Added: You may want to jump on the word "specifically" but if you read John Mueller or watch his videos you'll not that it's a word he often uses as a "filler", the way some people use "literally". Remember that English is not John's first language.
 
It’s not the external links, it’s the internal links coming in.
 
It helps to cite, especially when referencing content. It will make your content look more legitimate both from a robot and human perspective.

I would not link out for the sake of just linking out, you will lose link juice.

Also be sure to utilize "no-follow" tags on the links.
 
How do you measure link juice? I am curious how you can see an increase and decrease in it.
 
You don't lose "link juice" by linking out. All that happens as you add more external links is that the amount of "link juice" you can pass to each of those external sites decreases.

You can see this in the old original PageRank patents. To simplify, the amount of PR a page can pass to another page can be approximated as

PR passed to outgoing link = .85 * (PR of original page / total # outgoing links on original including internal navigation links)

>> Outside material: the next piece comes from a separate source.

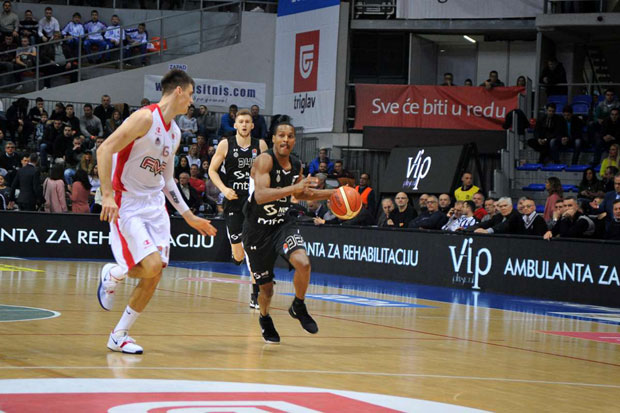 ПАРТИЗАН У ФИНАЛУ КУПА РАДИВОЈА КОРАЋА: Црно-бели рутински сломили ФМП и наставили пут ка одбрани трофеја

Of course, in the real world things are much more complicated but you are not losing anything in terms of PR by having outgoing links on a page. You're just diluting how much PR you are passing to each of those links.

See




Outbound links do not increase PageRank. They do "pass" PageRank to the pages they link to, but they don't "take it away" from the page the link is on .


Matt Cutts also reminds folks that a [the amount of] PageRank [your page can pass to another page] is divided by the number of outbound links. Thus, the more outbound links you have, the less PageRank gets passed to each individual link
 
The backwards notion of linking out to high authority sites to rank better is really obscene if you think about it. If this is your mindset then you are not considering the user at all. Link to sources that provide further value to your reader. Forget the rest, end of story.